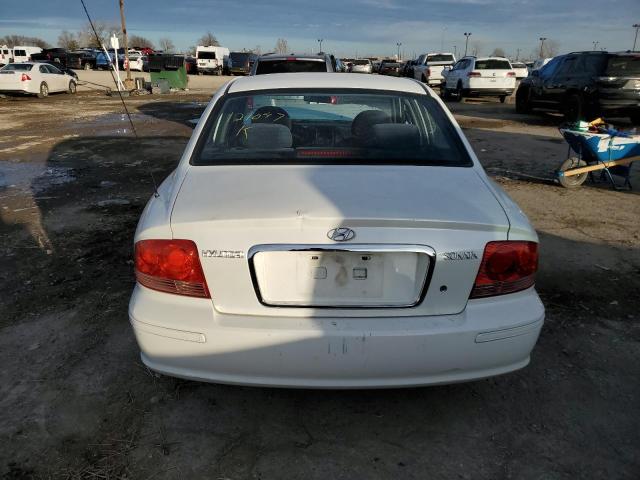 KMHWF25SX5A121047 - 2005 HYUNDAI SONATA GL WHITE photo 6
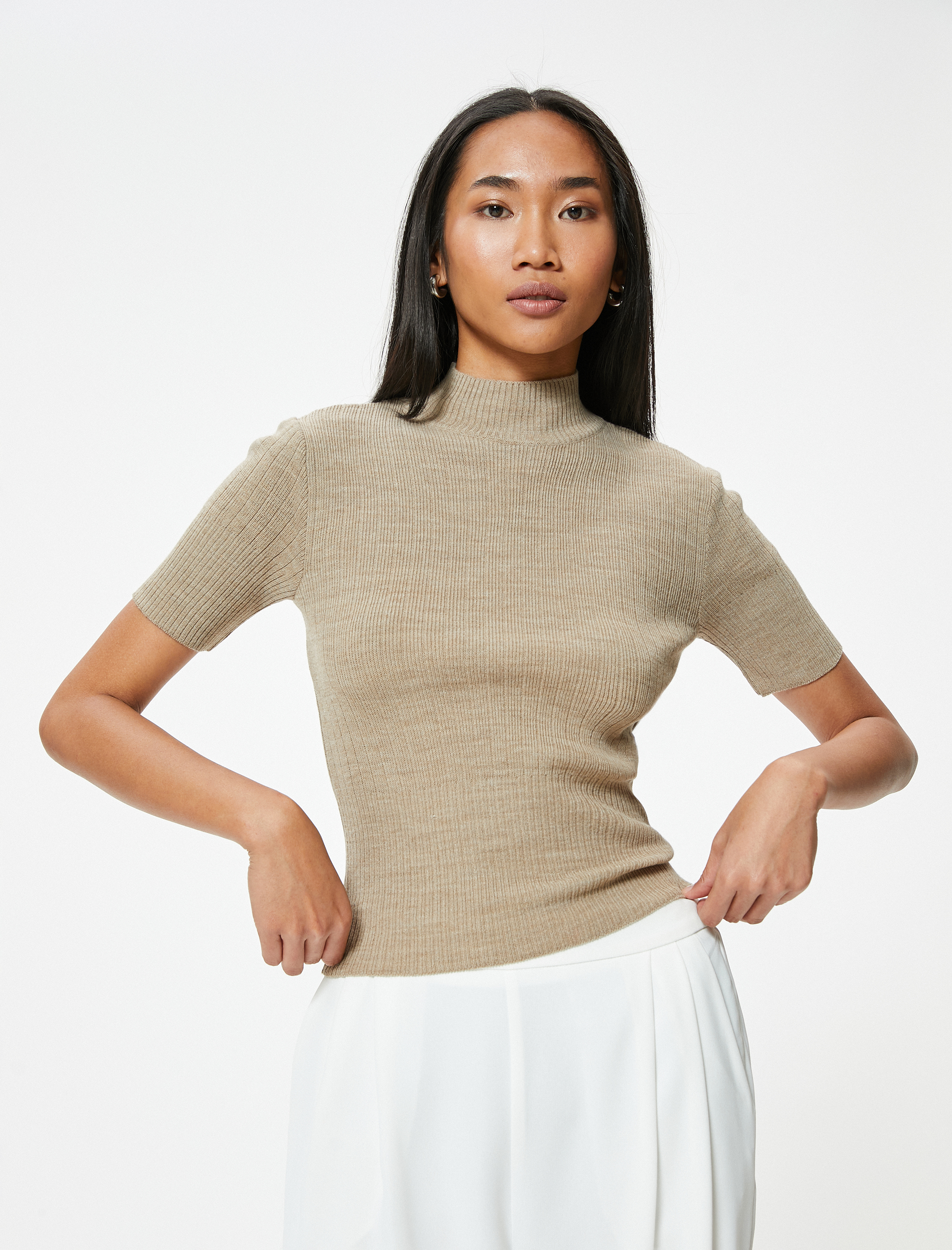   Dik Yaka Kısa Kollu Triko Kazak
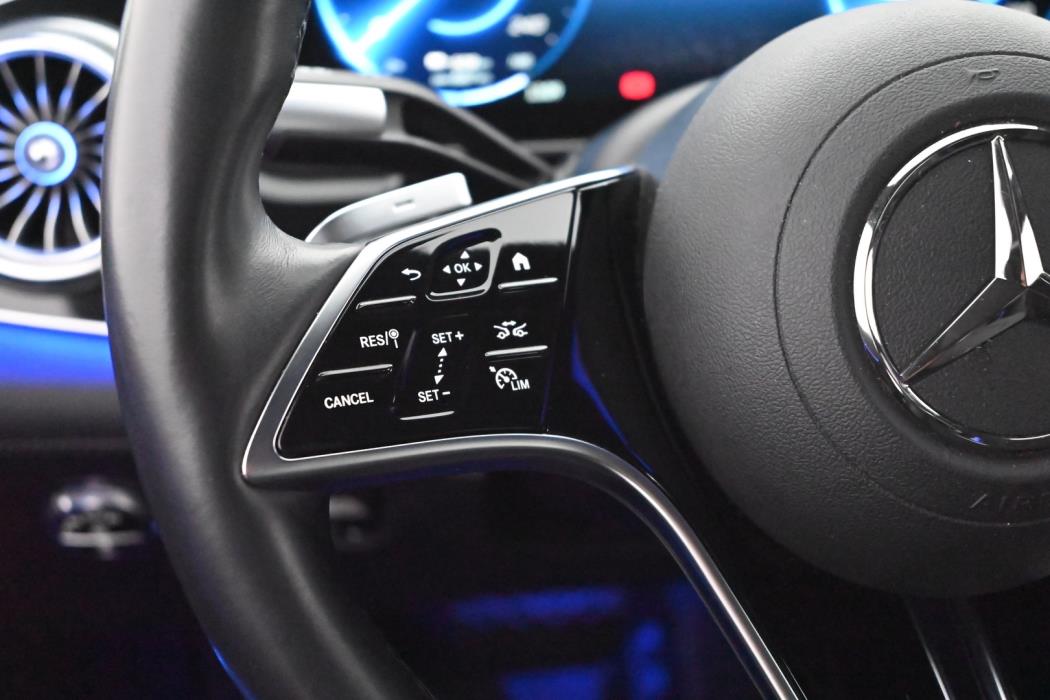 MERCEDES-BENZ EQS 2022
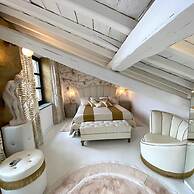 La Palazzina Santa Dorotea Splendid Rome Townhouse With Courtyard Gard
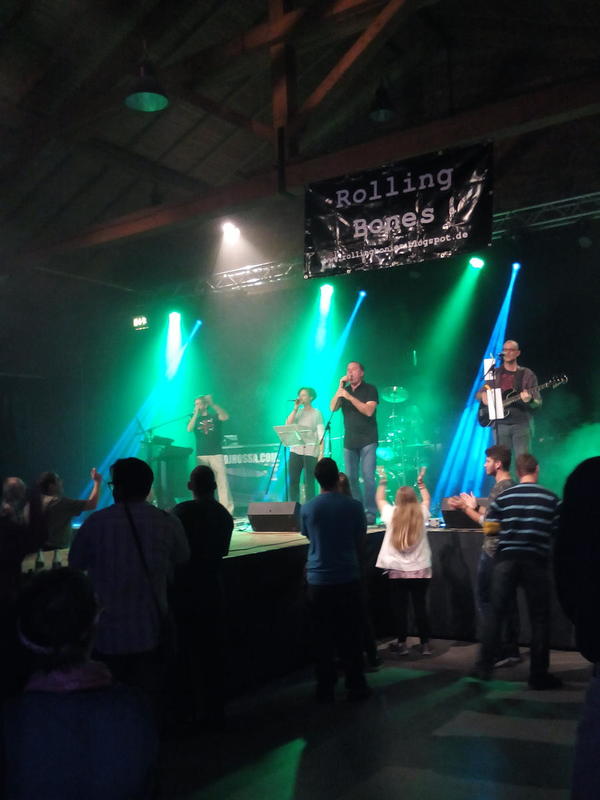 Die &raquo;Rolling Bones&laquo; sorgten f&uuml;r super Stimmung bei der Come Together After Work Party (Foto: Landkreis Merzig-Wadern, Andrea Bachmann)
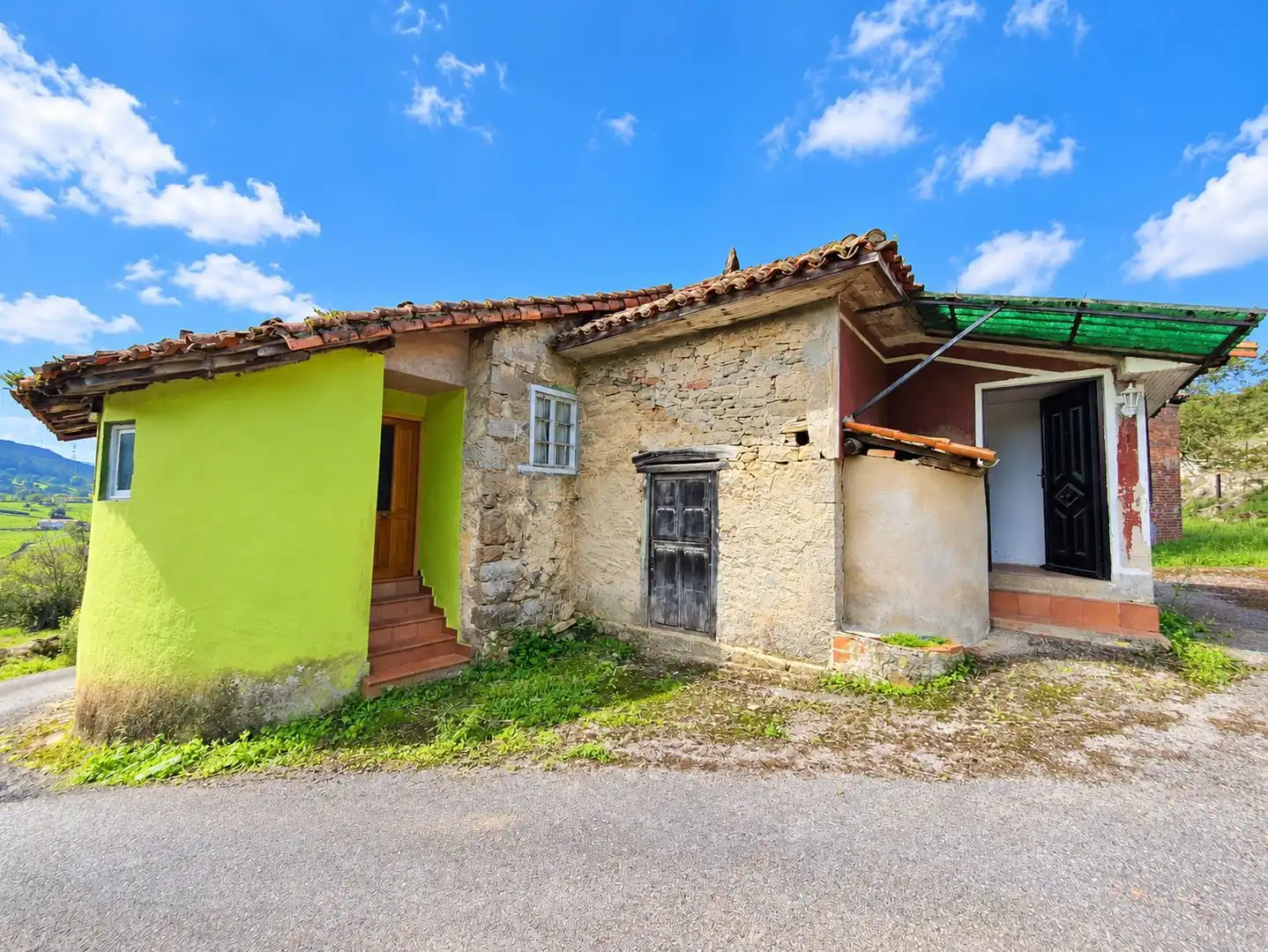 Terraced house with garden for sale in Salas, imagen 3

-- DIRECTIONS FOR THIS TASK --
Any picture in the data is to be skipped, while each line is returned exactly as written.

-- EXERCISE SOLUTION --
 KMHWF25SX5A121047 - 2005 HYUNDAI SONATA GL WHITE photo 6
   Dik Yaka Kısa Kollu Triko Kazak
 MERCEDES-BENZ EQS 2022
 La Palazzina Santa Dorotea Splendid Rome Townhouse With Courtyard Gard
 Die &raquo;Rolling Bones&laquo; sorgten f&uuml;r super Stimmung bei der Come Together After Work Party (Foto: Landkreis Merzig-Wadern, Andrea Bachmann)
 Terraced house with garden for sale in Salas, imagen 3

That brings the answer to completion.